The men compared “bike for picnic” with the movable parties and large picnics of the Victorian era, but undressed to meet the do-it-yourself ethos associated with bicycles and multiplex boxes. In contrast to the valued automation and speed Marinetti, the superior, discreet components were intended to encourage picnic players to slow down and think about the various aspects of an informal and often spontaneous meal.

Nowadays, the future that the futurists had dreamed of, with its synthetic food and technological processes – although perhaps not the way that Marinetti had been presented, who was an early proponent of the fascist Italian leader Benito Mussolini.

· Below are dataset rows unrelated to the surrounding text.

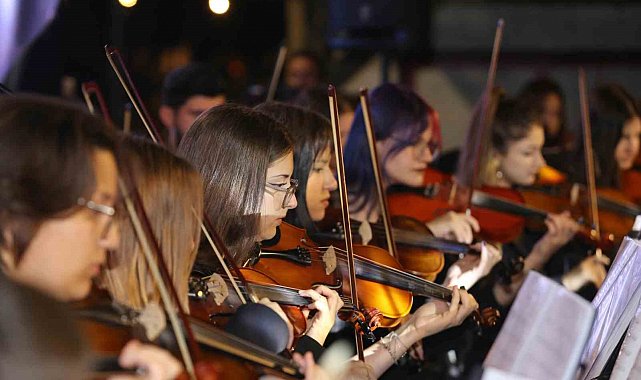 Kepez'den 23 Nisan'a özel senfonik rock konseri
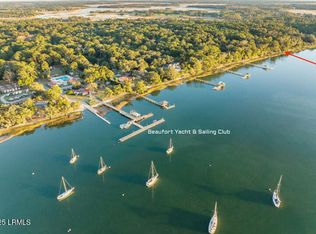 5 Meridian Rd, Beaufort, SC 29907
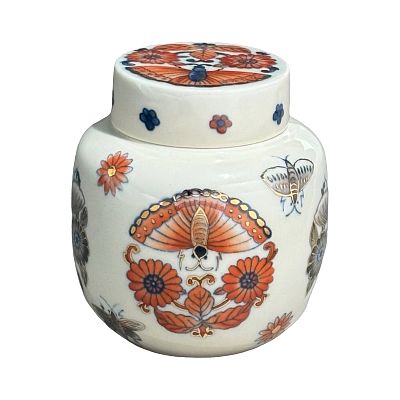 Product info: 團蝶紋茶葉罐(紅黑)
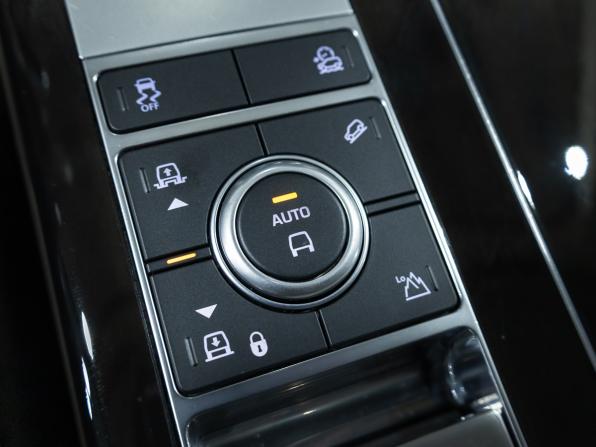 Land Rover Range Rover IV Рестайлинг с пробегом 2019 года, цена 5 490 000 рублей, 124939 км, внедорожник, Автокод Объявления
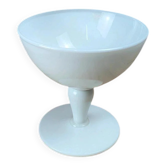 Coupe sur pied en opaline blanche vintage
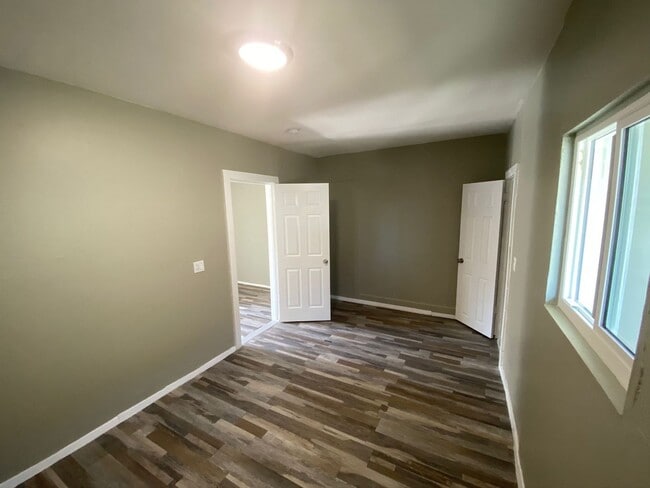 Photo - 1 Bedroom House With Yard and Private Laundry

World economies have developed around complex cooling systems, transport, genetic modification and a whole series of other technologies. People can eat meals on foot or alone in their car.

“Now it is possible not to think about food, for many of us,” said Nicola Twilley, who recently published “Frostbite: how cooling our food, our planet and ourselves has changed. “” And I think that is a mistake, because it is our most intimate relationship with the planet, short of breathing. “

In contrast to ‘The Futurist Cookbook’, Mr. Wexler and Mr. Yarinsky with his tirades against traditionalism and pasta, Mr Yarinsky’s project offers many ways to think about dining. Their alternative vision for the future is not tight: it is friendly, smart and full of artistic intention.

Subsequently, the couple plan to attach acoustic horns, similar to those on a gramophone, to a table, so that the usually hidden source of sound that creates atmosphere becomes visible during a meal.

“It is a new ‘futuristic cookbook’, an inversion of the original,” said Mr. Wexler of his arrival. “We are talking about democracy, a humanistic future.”

- Advertisement -

- Advertisement -

- Advertisement -

Leave A Reply

Your email address will not be published.